Wildfires, floods and rising seas are giving Americans a foreshadowing of what is to come, the author of a new book about the environment says — disruptions on a near Biblical scale.

In “The Great Displacement,” Jake Bittle’s reporting strategy was to visit places such as Big Pine Key, Florida (flood) and Santa Rosa, California (fire) and use the natural disasters that overcame them as parables for what looming climate change is going to bring. “Climate disasters expose fundamental flaws in where and how we have chosen to build our communities,” he writes.

Why are people in fire and flood danger areas not moving?

That’s where Bittle diverts into some psychology basics, writing that peoples’ emotional ties to their houses and communities often overrule their fear of being burned out or washed away.

In Long Beach, California, the Belmont Shore peninsula already floods in some high tides and storms and some global warming forecasts show the area underwater in a few decades. So are house prices sagging as people flee in fright?

Just the opposite.

House prices in the low-lying Belmont Shore area rose just shy of 8% last year to a median of $1.3 million, according to realtor.com

Solutions? Bittle often finds government, particularly the federal level, at fault for not doing enough.

But much of the danger millions of Americans find themselves is of our own making. We want to live at water’s or forest’s edge; now the day of reckoning is coming ”for a society that has attempted to tame the forces of nature,” Bittle writes.

Bittle takes some literary excursions in the book, describing, for example, the streets in an abandoned North Carolina town as “weighed down by a pulsing, ponderous silence.”

It was astonishingly quiet, he explained, visiting the town after federal programs finally persuaded people to leave, rather then be flooded out.

Bittle often ventures into the unfairness of climate change, returning to a theme that “the burden of relocation” will fall most harshly on lower-income people who can least afford to fortify their house or move.

Will it?

Much depends, he writes, on decisions ahead regarding which places to save because for sure we will not have enough resources, for example, to build a sea wall for every beachside community.

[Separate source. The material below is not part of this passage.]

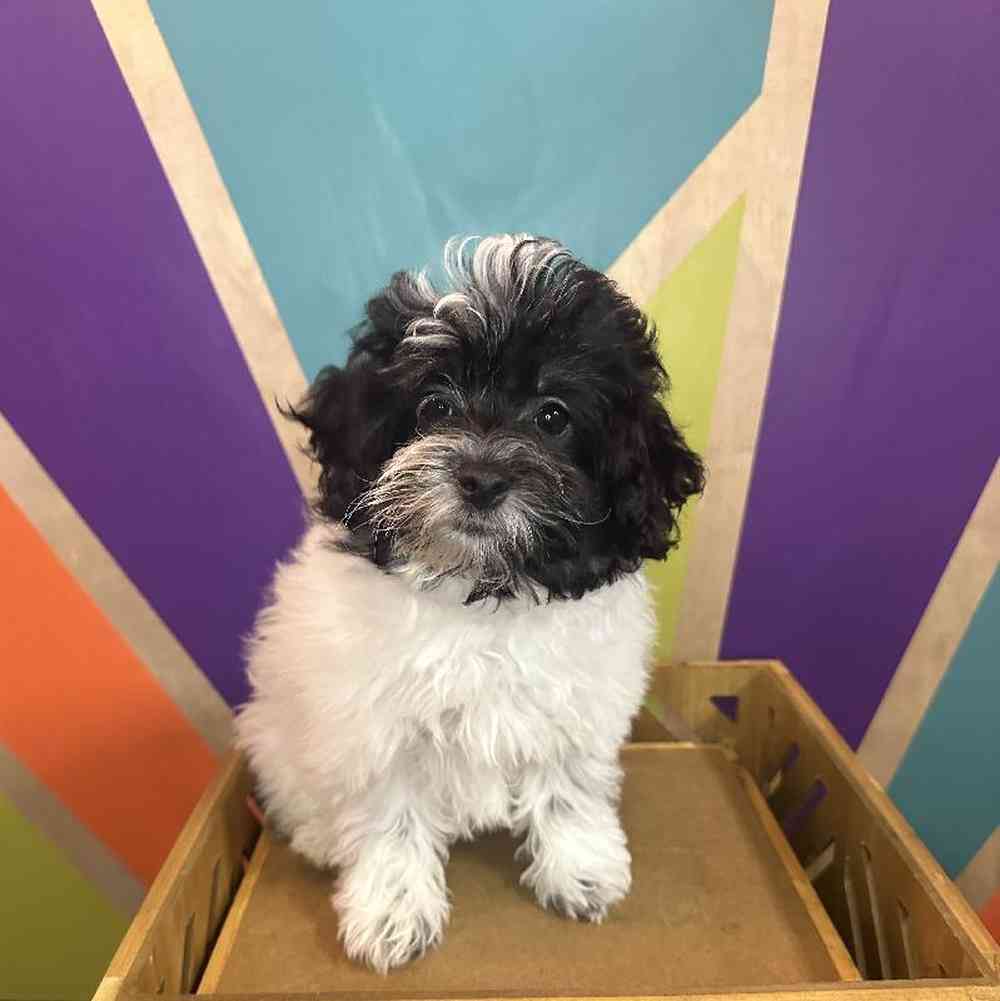 Female Havapoo puppy named Oreo for sale at Petland Fayetteville.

While the prognosis for beachside communities is grim, the book notes that some climate-change winners already may be emerging.

— Buffalo, New York, for example, is calling itself a “climate refuge city.”

— Duluth, Minnesota already is billing itself as “climate-proof Duluth.”

— Cincinnati wants to be a “welcoming place for people fleeing disasters and extreme heat.”

Government policies and programs to encourage people to move from dangerous coastal or fire-prone areas to those cities and other towns in the northern central states ought to be considered, Bittle says.

So far though, the housing market appears to be ignoring the growing risk.